- Directed by: Bhavna Malkani
- Written by: Bhavna Malkani
- Starring: M-1; Grouchy Greg; The Last Emperor; Marchitect;
- Music by: The 49ers
- Release date: 2006;
- Running time: 28 minutes
- Country: United Kingdom
- Language: English

= Guilty or Innocent of Using the N Word =

2006 film by Bhavna Malkani

Guilty or Innocent of Using the N Word is a 2006 British documentary short film directed by British director Bhavna Malkani. The documentary explores questions and issues surrounding the word nigger that many feel constrained to discuss, as it is often categorized as a taboo word.
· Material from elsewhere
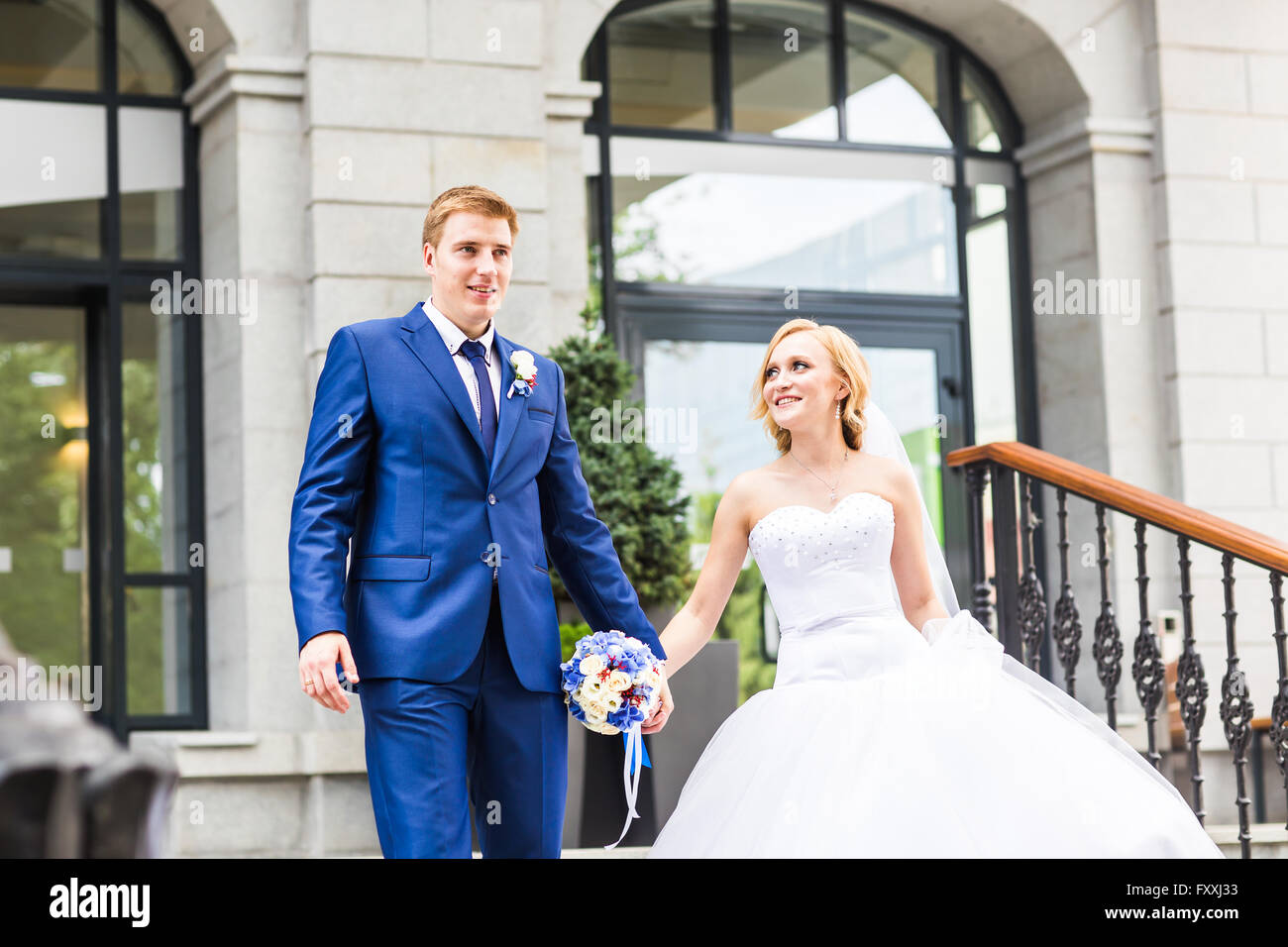 Bride and groom holding hands outdoors Stock Photo - Alamy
The twenty-eight-minute film investigates the word chronologically, discussing the history of the word from its origins all the way to rap's influence on the acceptance and commercialization of the term.

==Cast==
Guest appearances in the documentary include M-1 of Dead Prez, Grouchy Greg, CEO of AllHipHop, Philadelphia rapper The Last Emperor, hip-hop producer/rapper Marchitect and others.

==Filming and reception==
The documentary was filmed in London, England; New York, New York; Newark, Delaware; and Philadelphia, Pennsylvania. Guilty or Innocent of Using the N Word won the London Film Convention Award at the Portobello Film Festival in 2006 and Best Short Documentary at New York's 5th Annual H2O Odyssey International Hip-Hop Awards in 2007. The documentary was also short listed to win Best Film at the 5th Buffalo Film Festival in October 2007.